They've been with us forever - prowling
the smoky roadhouse dives that are their watering holes and hunting
grounds. Predators, lurking amidst the human herd. Changing shape
at will. Lusting for blood and meat. They are gods in the wild. Gods
in disguise. And they feed on the spark inside each of us.
Syd was just another lonely working class guy singing the dying steel-town blues. Then he met Nora.
She's sensual. Amoral. Erotic. Eternal. And she's luring Syd across
the line that few can cross... and even fewer survive: the line that
separates man from the beast within.
Animals. There's a little bit of them in all of us.
Book Review:
Animals by John Skipp and Craig Spector
by Paul V. Wargelin
Meet Syd Jarrett. His thirty-fifth year on Earth is fast approaching
and his accepted state of existence in Monville, Pennsylvania is less
than inspiring. Still nursing a broken heart over a shattered marriage,
the only two constants in his life are making minimum wage as a blue
collar grunt in temporary hard labor assignments, and spending his
evenings at the local honky-tonk where he can revel in live R&B
and the ambition-crushing power of booze.
Shocked out of his melancholy-inspired routine one morning after
slamming into a deer with his car, Syd follows the wounded creature's
trail into the woods to put it out of its misery, only to encounter
a monstrous wolf feasting on it. Believing he's next on the menu, Syd
defiantly stands his ground, prepared to go down fighting. The moment
man and beast make eye contact, something personal and primal passes
between them. Then the wolf drags the rest of its meal deeper into
the forest and vanishes, leaving Syd perplexed and elated at his miraculous
survival.
While trying to fathom the instinctual connection he felt with the
wolf, Syd unknowingly encounters it again when he meets Nora-an even
deadlier predator in human form than in her werewolf one. With a thirst
for Southern Comfort and an appetite for carnal passion, she's the
embodiment of feminine sexuality, walking into Syd's heart and taking
possession of it before he could blink. Exotic and ferocious, Nora
is not a woman who should be attracted to Syd, but she's already sensed
his potential from their previous encounter in the woods. Pulled into
her intoxicating orbit, Syd loses himself in their physical lust, only
to be dragged back to a reality where Nora's unpredictable mood swings
erupt with violent fury.
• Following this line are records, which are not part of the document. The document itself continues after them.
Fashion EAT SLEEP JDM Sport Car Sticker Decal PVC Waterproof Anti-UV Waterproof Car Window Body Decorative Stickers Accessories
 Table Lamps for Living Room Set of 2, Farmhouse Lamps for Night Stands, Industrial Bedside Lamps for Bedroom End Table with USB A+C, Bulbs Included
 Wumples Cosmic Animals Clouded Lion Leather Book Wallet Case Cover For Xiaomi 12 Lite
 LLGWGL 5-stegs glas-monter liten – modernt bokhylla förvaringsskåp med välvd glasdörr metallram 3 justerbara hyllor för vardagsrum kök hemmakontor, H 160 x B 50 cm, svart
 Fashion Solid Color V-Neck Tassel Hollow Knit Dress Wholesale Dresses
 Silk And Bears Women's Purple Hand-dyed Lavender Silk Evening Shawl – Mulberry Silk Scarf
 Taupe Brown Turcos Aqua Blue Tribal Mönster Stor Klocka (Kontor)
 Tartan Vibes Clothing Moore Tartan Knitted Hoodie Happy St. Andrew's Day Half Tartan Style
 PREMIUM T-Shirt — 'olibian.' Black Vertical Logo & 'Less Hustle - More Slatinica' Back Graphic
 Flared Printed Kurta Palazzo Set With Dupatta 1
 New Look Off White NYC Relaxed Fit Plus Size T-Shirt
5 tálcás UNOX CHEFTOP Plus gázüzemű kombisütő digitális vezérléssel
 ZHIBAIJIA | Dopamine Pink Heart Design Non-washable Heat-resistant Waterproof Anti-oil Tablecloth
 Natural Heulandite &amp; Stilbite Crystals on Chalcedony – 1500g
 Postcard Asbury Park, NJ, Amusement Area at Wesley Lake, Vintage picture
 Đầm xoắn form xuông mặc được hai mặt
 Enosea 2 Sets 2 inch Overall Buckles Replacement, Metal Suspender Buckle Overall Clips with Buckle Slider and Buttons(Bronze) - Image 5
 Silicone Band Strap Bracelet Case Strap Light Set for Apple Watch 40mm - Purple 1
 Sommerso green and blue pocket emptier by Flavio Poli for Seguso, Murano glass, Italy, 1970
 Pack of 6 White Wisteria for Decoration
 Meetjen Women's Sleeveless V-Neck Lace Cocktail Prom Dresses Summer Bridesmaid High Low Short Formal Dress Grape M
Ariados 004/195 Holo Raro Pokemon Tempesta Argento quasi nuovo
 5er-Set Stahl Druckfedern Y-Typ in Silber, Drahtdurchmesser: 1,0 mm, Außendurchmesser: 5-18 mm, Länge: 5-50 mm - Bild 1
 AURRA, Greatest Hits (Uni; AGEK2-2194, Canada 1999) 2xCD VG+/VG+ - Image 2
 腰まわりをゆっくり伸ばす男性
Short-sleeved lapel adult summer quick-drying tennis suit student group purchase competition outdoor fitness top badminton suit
The danger of loving someone so damaged by
life appeals and repels Syd at the same time, but he is falling for
her and wants nothing more than to offer protection and safety from
her demons.
But there's only one demon that truly frightens Nora. His name is
Vic. He's the Big Bad Werewolf who unleashed Nora's true nature, and
he's been loving and tormenting her in a vicious cycle for more than
seventy years-straying off to satisfy his sexual and sustenance hungers,
then giving chase to reclaim her, mutilating anyone who crosses his
path. On the run once again, Nora will stop at nothing to set the animal
inside Syd free, regardless of what it will do to his sanity as long
as she can use him against Vic.
John Skipp and Craig Spector don't reinvent the werewolf story so
much as obliterate it. Forget the gypsy curses, full moons, werewolf
bites, and silver bullets. The werewolves in Animals accept and embrace
the bestial side of their natures, not reject it, but still find themselves
conflicted by their all too human desires and emotions. As much as
Nora and Vic prowl around, stalking and slaughtering prey with wild
abandon, both yearn for a certain domesticity in their lives and wish
to find a single mate for life, like real wolves.
Syd also seeks his soul mate, but is unable to immerse himself in
the quest. Embittered by his past, clinging to the vestiges of a life
that no longer exists, he is a victim of his own inertia. He's a flawed
but likable protagonist who earns our sympathy, as well as our derision
from one situation to the next. Nora finds Syd at the crossroads and
reminds him of what it means to be truly alive, only to inflict him
with the unfortunate damage that seems inevitable with every relationship.
Leaving out the supernatural aspects, Animals is an emotionally charged
novel about love in all its beauty and ugliness, how men and women
turn each other on and tear each other apart in equal measure, how
trust and affection turns to suspicion and anger, how abuse becomes
an acceptable substitute for loneliness, how your best friend can become
your worst enemy, leaving fragile and fearful souls in its wake.
Like their characters, Messers Skipp and Spector embrace their animal
sides, unflinching in their depictions of graphic violence that is
a part of nature (human and otherwise). They also know that the pain
of having your heart ripped out by a werewolf pales in comparison to
the pain of a broken heart-for some, an open wound that may never heal.